Measuring CLV for Sustainable Growth

It’s time to throw throw another acronym into the mix: RFM. The RFM model is most often adopted for measuring CLV. It identifies events along a customer’s journey when value is created: recency (how recent was the interaction?), frequency (how often does this happen?) and monetisation (what’s the value of the margin combined with the return rate?).

This measurement approach is based on the Pareto principle, or 80-20 law, which claims that the greater portion of your business (80 per cent) comes from the lesser few (20 per cent) of your customers. Therefore, when CLV is calculated, marketers are able to differentiate their high-value consumers from lower-bracket custom. The resulting action is two-pronged: nurture customers with a higher CLV, whilst steering the lower-value groups into the higher CLV category.

Recency and frequency can be determined by web analytics, and is fairly easy to measure. What’s often most difficult to determine in CRM deployments is monetisation. For example, factors like data warehouse accessibility is a necessity and often has to be custom-built for the enterprise in question.

To assess monetisation, marketers must be able to calculate the profitability of each customer on a per user basis.  And this calculation needs to work out the value of margin on purchased products combined with any outgoing costs to process returns.

Let’s consider the “Topshop party buyer” persona. This is a customer who scrolls through the dresses, the shoes and the accessories for a whole new outfit, top to toe. The shopper buys an entire outfit at a large expense, and then takes advantage of free returns in order to send the items back, tags re-attached after an evening out on the town. Marketers who only measure ‘Recency’ and ‘Frequency’ would categorise this individual as a high-value customer and would therefore invest more to market to them.
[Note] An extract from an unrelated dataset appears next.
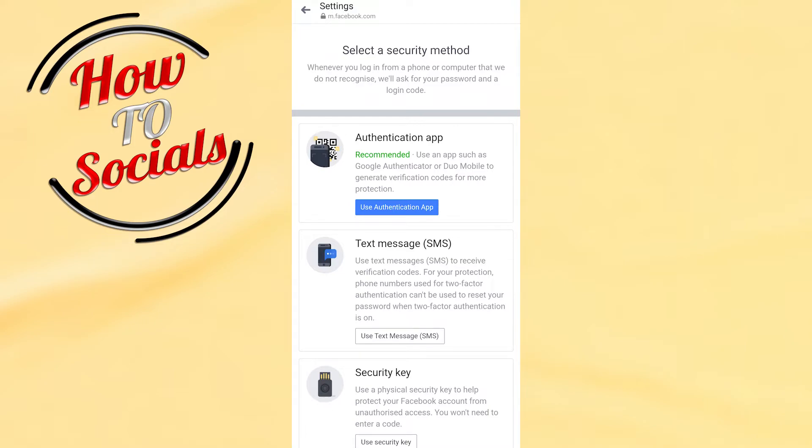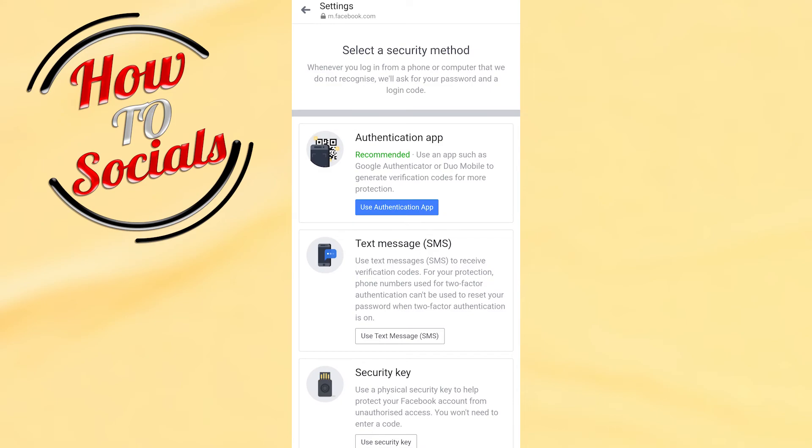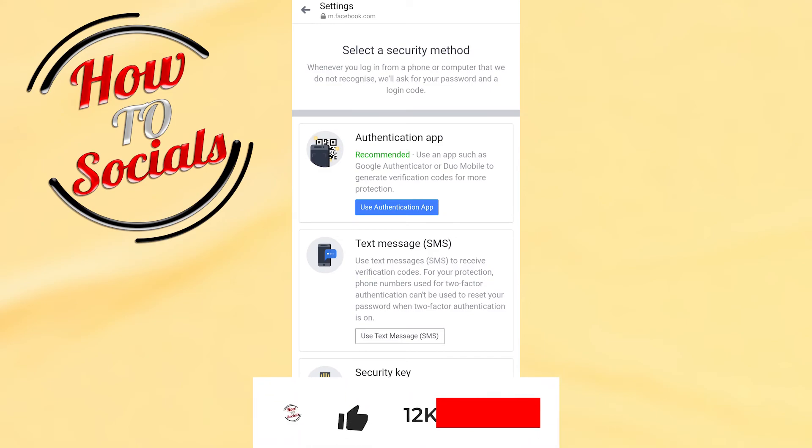But if it is turned on, it will just pop up here with a section which will say turn off. You simply need to tap on that selection to turn off. And then, it will bring you to the main point to turn off the two-factor authentication on Facebook Messenger.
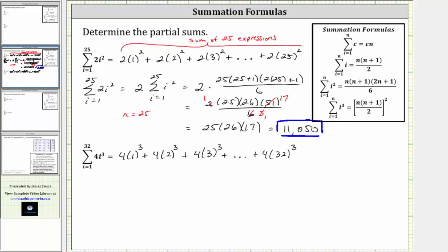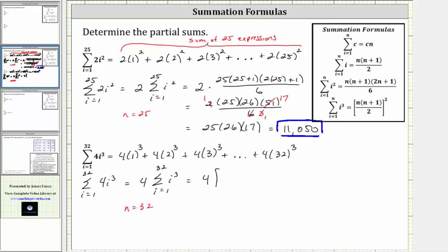Therefore, let's once again use one of these summation formulas. Looking at the last summation formula, the sum of i cubed from i equals one to n is equal to the square of n times the quantity n plus one divided by two. Notice how the formula is i cubed, and our formula is four i cubed, so before we apply the formula, we do need to factor out the four. The sum of four i cubed from i equals one to 32 is equal to four times the sum of i cubed from i equals one to 32, where n is equal to 32. Applying the formula, four times this partial sum is equal to four times the square of n times the quantity n plus one divided by two, giving us four times the square of 32 times the quantity 32 plus one, all divided by two.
However, if the return rate were factored into the monetisation score, it’d be clear that the “Topshop party buyer” actually costs the retailer— resulting in a waste of marketing spend.

Driving Programmatic Strategies Forward

Because CRM is often transactional, there is a need to tie CRM data to these marketing interactions to measure their true performance. Brands that have their CRM data in order will be able to build customer profiles or segments to drive their programmatic strategies forward. They will be able to focus their investments on the customer groups, or even individuals, with the highest potential for revenue growth in the long term.

By using RFM to determine CLV, the retailer can create dynamic customer segments to encourage the growth of a customer’s CLV. Clusters of customers with similar CLVs can form CRM groups, which can then be used for granular-level targeting. Programmatic lends itself to the possibility of adjusting the pricing and messaging to each customer profile. A shopper who spends little but shops frequently is met with a different tactic versus the customer who goes for the high-ticketed items, albeit less often.

Linking programmatic with a CLV-informed strategy for CRM data seems the logical extension to satisfy consumer expectation during the next digital shopping stage. Tomorrow’s digital climate will have delivered the maximum customer base a brand can achieve. By focusing on growing CLV now, marketers will be well equipped for an ad tech prediction: peak online shopping penetration.